Franz Kafka (1883-1924) is the author of three unfinished novels, Der Prozeß (The Trial), Das Schloß (The Castle) and Amerika as well as numerous shorter works, including Das Urteil (The Judgement), Ein Landarzt (A Country Doctor), In der Strafkolonie (In the Penal Settlement) and Die Verwandlung (The Metamorphosis).
Very few of these works were published in Kafka’s lifetime, and when he died of tuberculosis shortly before his forty-first birthday, he was virtually unknown outside his home city of Prague.
Just before his death, he asked his closest friend, Max Brod, to destroy everything he had written.
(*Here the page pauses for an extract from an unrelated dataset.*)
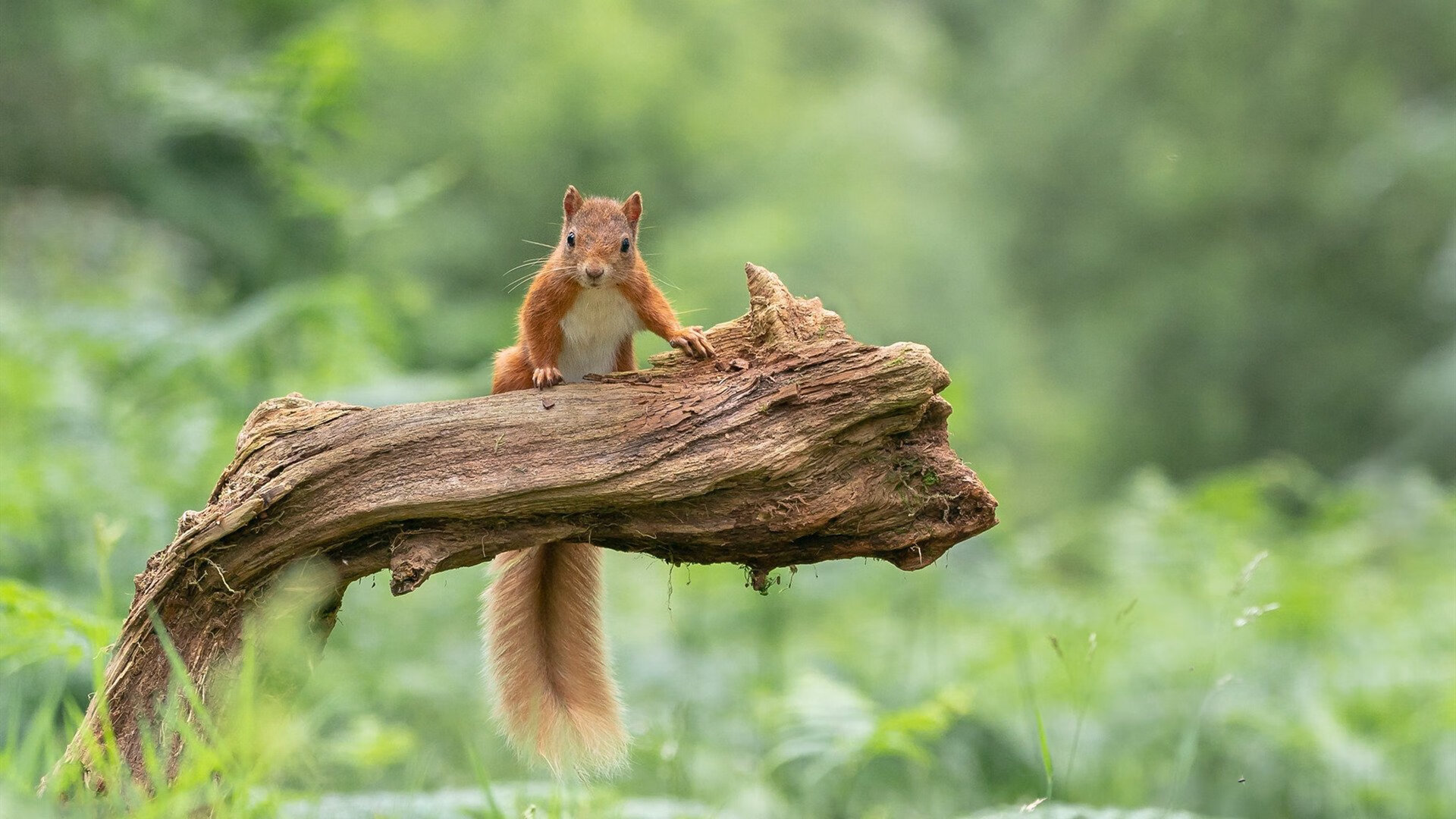 东决关键战焦点，土耳其踏平日本，晋级之路再进一步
Fortunately, Brod did not carry out Kafka’s wishes but set about meticulously editing and publishing all the manuscripts he could find and, in doing so, ensured Kafka’s massively influential literary legacy.
By the 1930’s, Kafka’s reputation had begun to grow, then after the Second World War it exploded around the globe.
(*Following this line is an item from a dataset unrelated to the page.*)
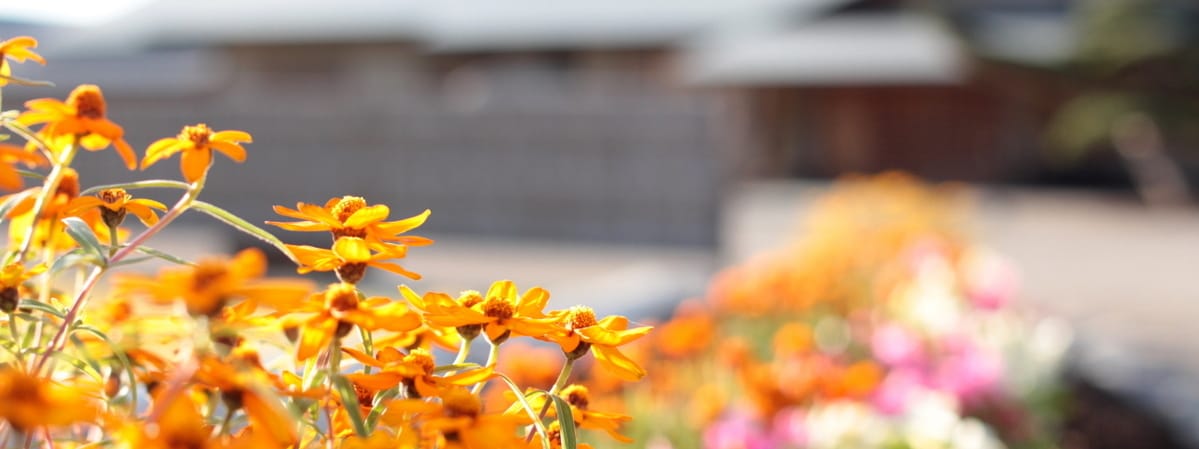 庭園内花壇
What started out as the intensely personal expression of self-doubt, self-disgust, despair, desperation and isolation touched a universal chord. Kafka seemed to confirm the feelings of the generations caught in the shadows of the two Great Wars.
His private themes were seen as symbolising the far wider political and social struggles of minority religions, cultures and movements. Groups such as the the Freudians, Expressionists, Absurdists, Avant-Gardists, Marxists and Zionists saw him as their representative and spokesman.
Today Kafka is the most acclaimed writer of the Twentieth Century, recognised as the father of modern literature, yet his superb story, Metamorphosis, has never been made into a feature length film, so this is the first attempt ever in world cinema to bring the most famous short story in literature to the big screen.
METAMORPHOSIS - what did it mean?
Kafka’s creature, with its hard outer shell and ineffectual jaws, is Twentieth Century literature’s most poignant and vivid symbol of self-willed schizophrenia. METAMORPHOSIS is about a person who puts forward flimsy little legs and a useless mouth as the signs of a total incapacity to bear the burden placed upon him. He literally puts up a protective shell around himself as an expression of his refusal to take responsibility any more. In this state he finds some sort of hope for peace.